Christian feminist orientations as those discussed above have led to a critique of historic-cultural traditions that have given women a distorted image of their bodies, abilities, roles, responsibilities, dignity, and destiny. Religion has come to be considered a vehicle through which all women resist their oppression. In contrast with the extreme individualism and inflexibility perceived in Western societies, feminist theology and feminism in Asia are considered to "promote the equality of all human beings and the ideology is derived from the experiences of women giving birth, and caring, and nurturing their children and family... Here self and community are one." At the height of militarization, Filipino women actually responded to whatever threatened or saved others; to them survival meant survival of the community. As in Latin America:

A woman achieves fulfillment in the struggle by assuming a just life for all... By constantly testifying to life, and choosing to act, to protect, and to defend life, women restore the power of choice and they also reveal an efficacy that goes beyond martyrdom as traditionally understood. Choosing is salvic (a form of survival).

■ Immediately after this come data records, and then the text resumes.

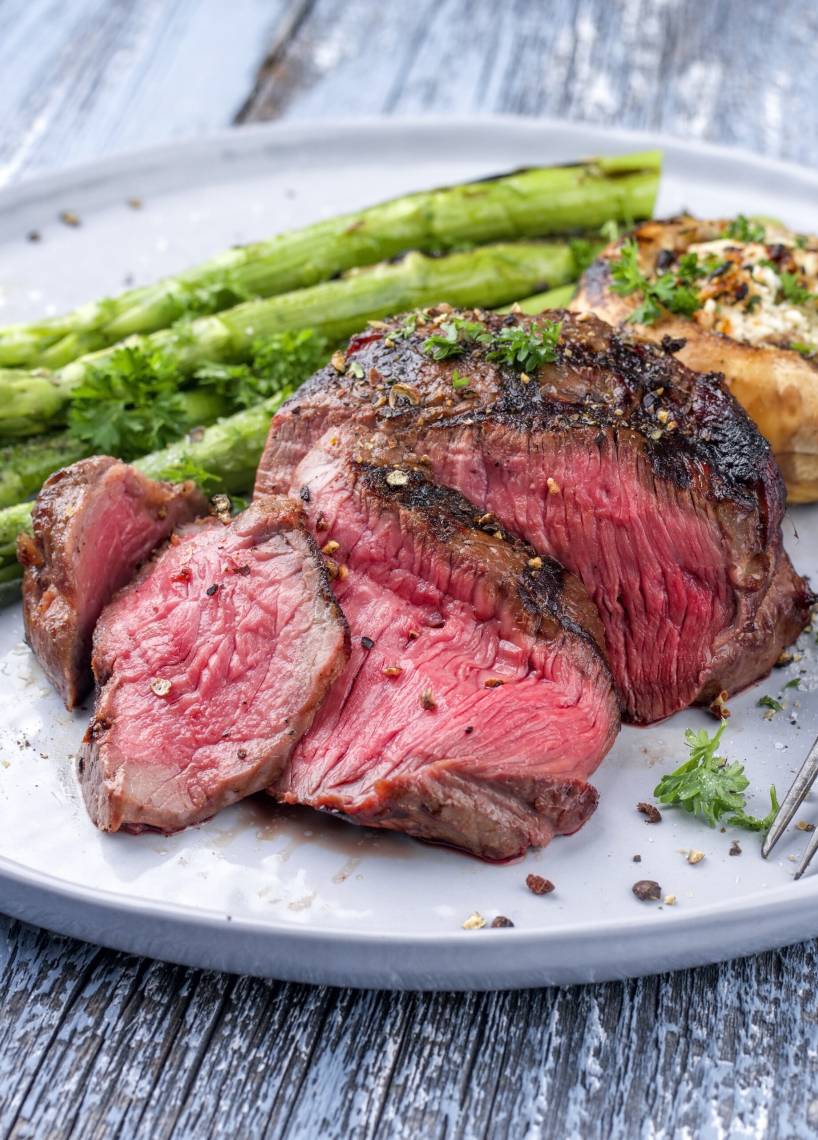 Rinderfilet mit grünem Spargel und gefüllten Champignons | ZauberMix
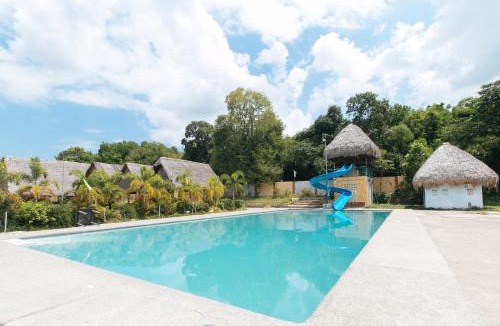 San Juan Hotel | RedDoorz @ Afamosa Villas Resort Ilocos Sur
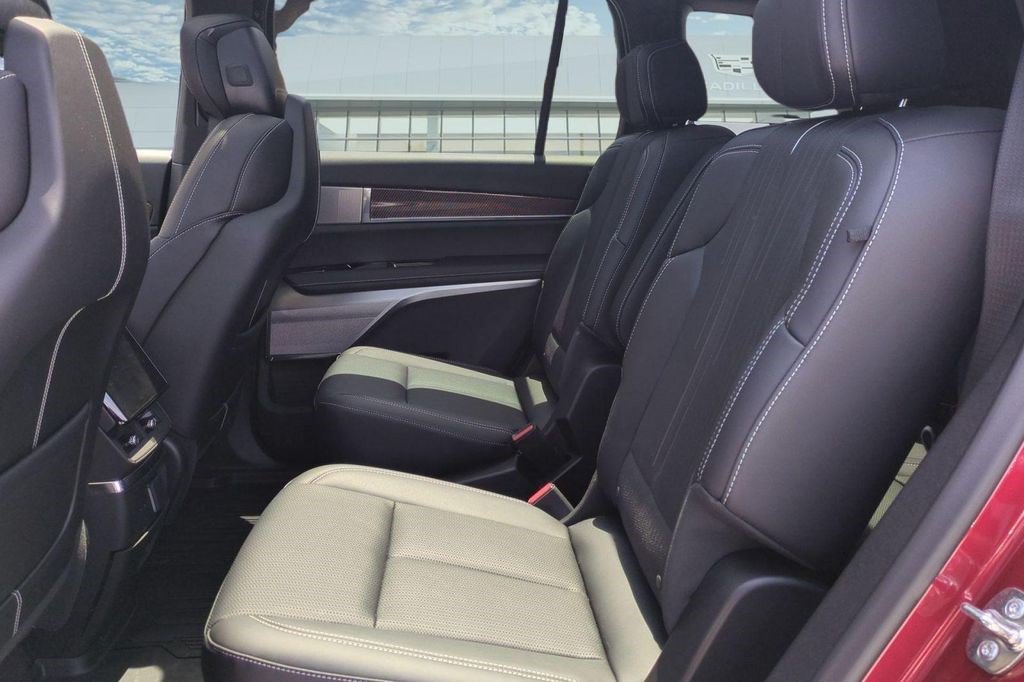 Certified 2026 Cadillac Vistiq Premium Luxury w/ LPO, Floor Liner Package AWD/4WD image 14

Thus liberation theology is best explained as a multiplicity of forms, inclusive of sexual and racial, as well as the political.

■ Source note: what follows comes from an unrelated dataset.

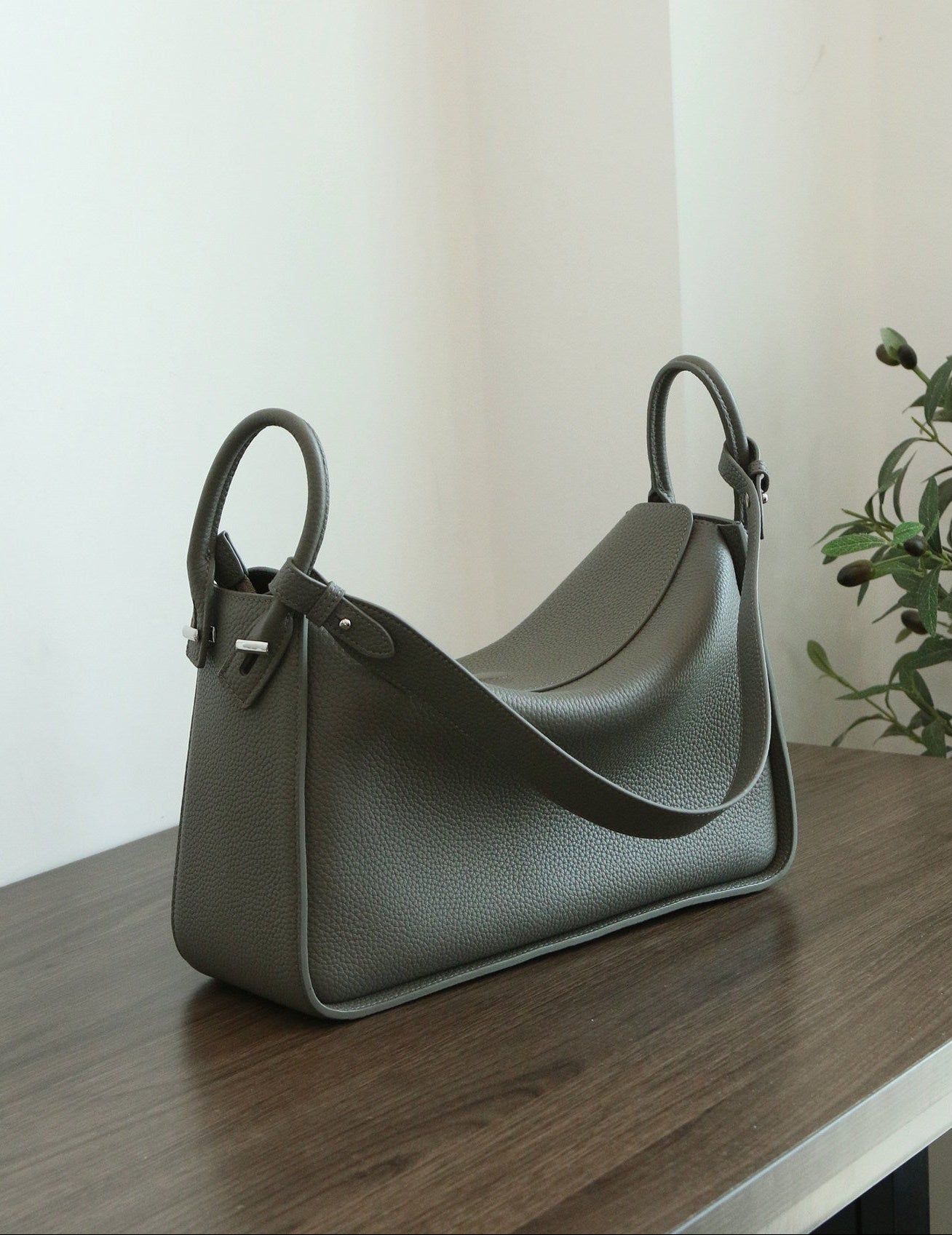 Luxury Togo Calfskin Leather Pillow Bag |  Minimalist Slouchy Crossbody & Shoulder Bag | 2026 Designer Collection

Key issues of subjectivity, however, still remain unexplored. How have sexual and sanctity dimensions contested fe/male citizenship discourses for all Filipino women-tribal and Muslim as well as lowland women? Historically (15th century), spiritual and civil status of priestesses in the Philippines was increased through sexual prowess and giving birth, which had important political implications for the newly colonized (Spanish) Filipino state. In contemporary times nuns embody the same legal category as other women in the Philippines, as discussed above. Yet their lives, celibate in the private sphere, have been different from those of other women. Nuns' celibacy is often equated, at least in the west, with the profound but non-sexual intimacy of God the Father, Son and Holy Spirit. In the Philippines, the relationship nuns had with Christ was the aspiration of other citizens in the afterlife. In western Christianity, Byrne, a British theologian, contends that the religious renunciation of sex resulted in the clerical state being regarded as more sublime than the lay. The reification of religious life in the Philippines has facilitated the political leadership of nuns and their ability to resist and survive militarization.